[Short web captions]
>>>

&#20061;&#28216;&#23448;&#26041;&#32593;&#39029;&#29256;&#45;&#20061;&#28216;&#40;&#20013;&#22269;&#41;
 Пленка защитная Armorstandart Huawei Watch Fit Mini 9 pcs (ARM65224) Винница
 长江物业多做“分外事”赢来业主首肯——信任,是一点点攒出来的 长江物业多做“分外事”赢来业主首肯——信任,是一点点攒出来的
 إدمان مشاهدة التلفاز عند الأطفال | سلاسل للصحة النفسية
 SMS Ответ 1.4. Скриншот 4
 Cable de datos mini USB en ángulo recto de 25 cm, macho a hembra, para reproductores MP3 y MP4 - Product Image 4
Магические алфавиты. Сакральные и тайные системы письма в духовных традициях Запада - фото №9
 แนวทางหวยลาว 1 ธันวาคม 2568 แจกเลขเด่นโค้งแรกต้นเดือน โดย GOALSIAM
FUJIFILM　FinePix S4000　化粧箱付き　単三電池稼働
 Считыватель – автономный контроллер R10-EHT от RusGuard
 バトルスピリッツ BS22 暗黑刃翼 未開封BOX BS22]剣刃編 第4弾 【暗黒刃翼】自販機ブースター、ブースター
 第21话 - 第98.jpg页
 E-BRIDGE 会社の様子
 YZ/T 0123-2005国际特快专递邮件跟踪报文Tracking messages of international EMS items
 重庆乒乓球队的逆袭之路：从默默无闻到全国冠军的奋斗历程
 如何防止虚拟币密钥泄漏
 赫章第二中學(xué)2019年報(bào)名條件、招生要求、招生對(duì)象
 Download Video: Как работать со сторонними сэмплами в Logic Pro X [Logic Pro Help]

<<<

§ TASK OBJECTIVE
Nothing but the lines from the one containing "Магические алфавиты. Сакральные" through the final line of the data above is to be reproduced, each exactly as written.

§ TASK RESULT
Магические алфавиты. Сакральные и тайные системы письма в духовных традициях Запада - фото №9
 แนวทางหวยลาว 1 ธันวาคม 2568 แจกเลขเด่นโค้งแรกต้นเดือน โดย GOALSIAM
FUJIFILM　FinePix S4000　化粧箱付き　単三電池稼働
 Считыватель – автономный контроллер R10-EHT от RusGuard
 バトルスピリッツ BS22 暗黑刃翼 未開封BOX BS22]剣刃編 第4弾 【暗黒刃翼】自販機ブースター、ブースター
 第21话 - 第98.jpg页
 E-BRIDGE 会社の様子
 YZ/T 0123-2005国际特快专递邮件跟踪报文Tracking messages of international EMS items
 重庆乒乓球队的逆袭之路：从默默无闻到全国冠军的奋斗历程
 如何防止虚拟币密钥泄漏
 赫章第二中學(xué)2019年報(bào)名條件、招生要求、招生對(duì)象
 Download Video: Как работать со сторонними сэмплами в Logic Pro X [Logic Pro Help]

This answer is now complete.